A good understanding
Bloom helped the Steelworkers and Goodyear Tire & Rubber craft a $1 billion, union-run fund to take over retiree health care. Goodyear got to move a $1.2 billion liability off its balance sheet, while retiree benefits were secured in a fund creditors could not touch in a company bankruptcy.
The automakers and United Auto Workers used the Goodyear plan as a model for the retiree health fund negotiated in 2007.
"Unlike what a lot of people think about labor leaders, (Bloom) has an extremely good understanding of the economics of business," says Wilbur Ross, investor and owner of International Auto Components Group.
Ross met Bloom while investing in steel companies in Pennsylvania. Ross bought bankrupt companies and restructured them into going concerns with the support of the union. Bloom and other union leaders helped convince workers of the need to change quickly to make the business work, Ross says.

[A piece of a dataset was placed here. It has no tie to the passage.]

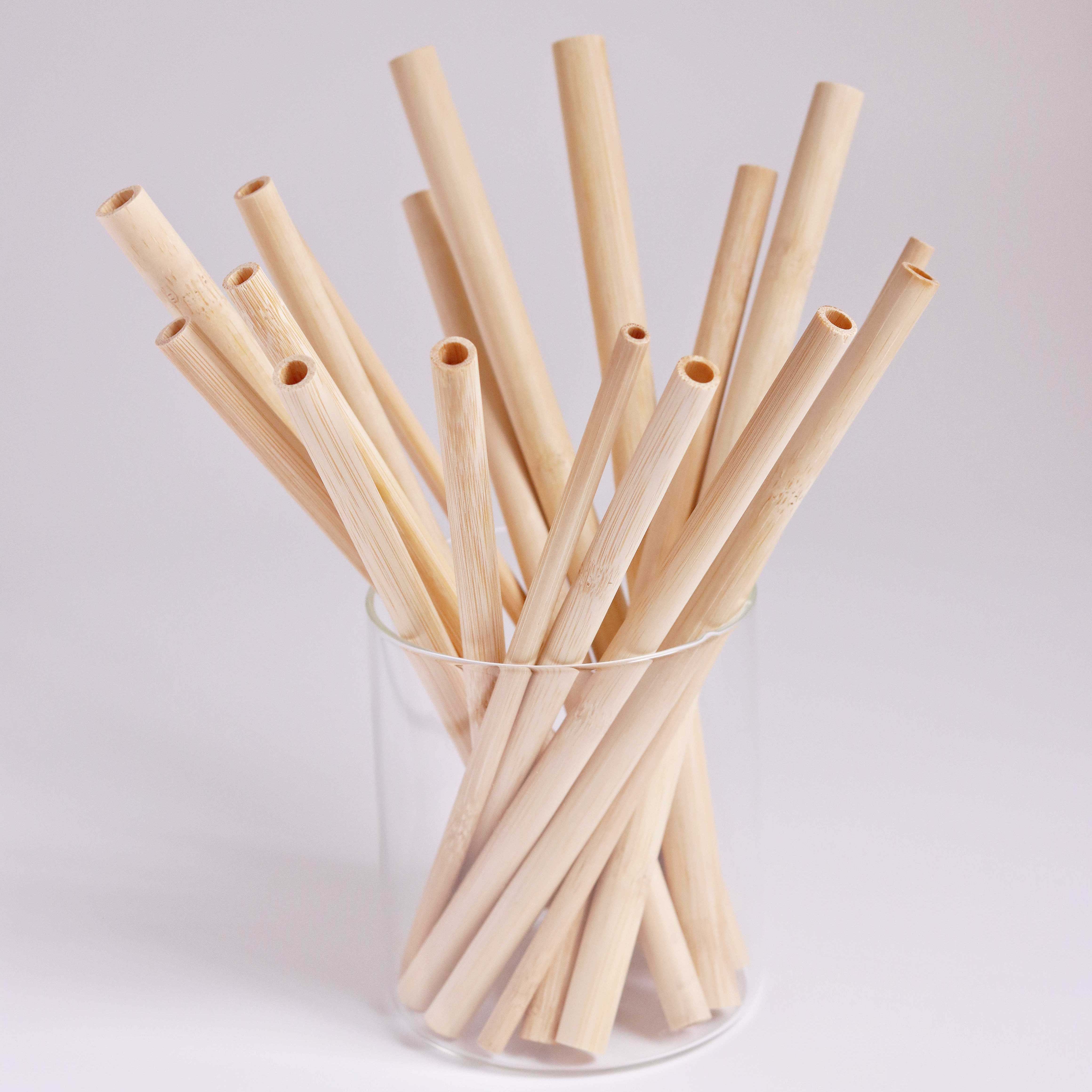 揭开竹管使用背后的秘密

One big change, he says, was to cut the job descriptions in the union contract to five from 32. Narrow job descriptions limit company flexibility in using workers where they are needed and can inflate the workforce. The result, says Ross: "We gradually became not only the largest steel company in America, but we also were the lowest-cost integrated mill, and we paid our workers more than any other company. The pragmatic attitude of the Steelworkers union probably saved 100,000 jobs."
A bigger job
Fixing the auto industry will be a much bigger job, Ross admits.
"The car industry has huge problems, and it's a much more complicated industry than steel," Ross says.
Steelmakers process a raw material and sell it to another company, while automakers deal with thousands of outside suppliers for parts, assemble them into a product and then hand over control of selling the product to independent dealers.
But Harley Shaiken, a labor expert at the University of California-Berkeley, says Bloom should be able to handle the competing demands.
"Sure, the auto industry is a unique industry," he says. "It is among the most central of consumer products, and you're blending the issues of marketing with the challenges of manufacturing in a highly competitive setting. ... But Ron Bloom is a very capable person who's highly regarded by both industry and union people he's worked with."
"He's smart, he's tough, he's quick," Shaiken says. "And he'll need all three of those characteristics in this position."